With the market set to soften, and the FSA limbering up for a crackdown on add-ons, personal lines motor brokers look set to be squeezed from both sides

Brightside has fared well from the hard market in personal lines motor. As the broking group reported last week, its profits rose 44% in 2011, with the bulk of the growth coming from its eCar and eBike online products.

However, chief executive Arron Banks has warned that the market will soon soften. His business is well placed to weather the downturn in rates, he says – but not all brokers can boast likewise.

Personal lines brokers have been among the winners in the past 12-24 months, resurgent following a period of demise. As the commercial market lingers in the doldrums, personal lines have been turning a profit.

Insurers have recognised the value of intermediaries in this space – they help to cut fraud and bring more loyal customers than the aggregators can offer. Subsequently, insurers have wooed the sector.
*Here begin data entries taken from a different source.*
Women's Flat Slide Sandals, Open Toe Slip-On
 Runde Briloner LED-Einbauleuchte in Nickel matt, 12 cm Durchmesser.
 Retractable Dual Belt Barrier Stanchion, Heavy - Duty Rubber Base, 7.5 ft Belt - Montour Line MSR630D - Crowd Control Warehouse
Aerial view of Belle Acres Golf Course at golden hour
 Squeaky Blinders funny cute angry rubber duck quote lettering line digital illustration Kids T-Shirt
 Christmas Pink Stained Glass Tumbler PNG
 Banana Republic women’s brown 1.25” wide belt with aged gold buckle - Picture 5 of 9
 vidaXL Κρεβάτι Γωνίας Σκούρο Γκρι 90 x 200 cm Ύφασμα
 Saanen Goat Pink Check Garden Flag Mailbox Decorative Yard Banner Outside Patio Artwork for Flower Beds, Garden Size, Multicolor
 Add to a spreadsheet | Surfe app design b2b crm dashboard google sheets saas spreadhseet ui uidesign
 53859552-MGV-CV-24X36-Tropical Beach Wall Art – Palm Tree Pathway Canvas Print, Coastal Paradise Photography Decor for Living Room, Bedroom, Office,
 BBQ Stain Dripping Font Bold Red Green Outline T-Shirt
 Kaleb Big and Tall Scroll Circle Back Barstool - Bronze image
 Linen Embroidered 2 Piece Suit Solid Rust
Meanwhile, the personal lines brokers have responded with creativity and innovation to the eye-wateringly tight profit margins in motor, developing new ancillary and add-on products.

But the happy days could soon be over. Not only are rates set for a downturn, but the FSA is limbering up for a crackdown on add-ons. Personal lines brokers could soon find themselves squeezed from both sides.

Job cuts at Travelers?

This is beginning to look like a trend. Redundancies seem inevitable at Travelers following the restructure announced this morning, though the insurer refused to be drawn. This quickly follows Chartis losing 130 jobs and RSA 120 in February, with 120 Aviva posts to go in Ireland this year.

As the soft commercial market drags on, insurers are cutting any last few millimetres of remaining fat. You can be sure there will be more jobs lost this year.

Lloyd’s robust despite cat losses

There are positive noises ahead of this week’s Lloyd’s results. The market is expected to post a loss of around £1bn which, given one of the costliest cat losses on record, is actually pretty healthy. Moreover, it is thought unlikely to have had to dip into its central fund to pay claims.

This is further evidence of the market’s robustness – and will hardly fail to catch the notice of potential M&A investors.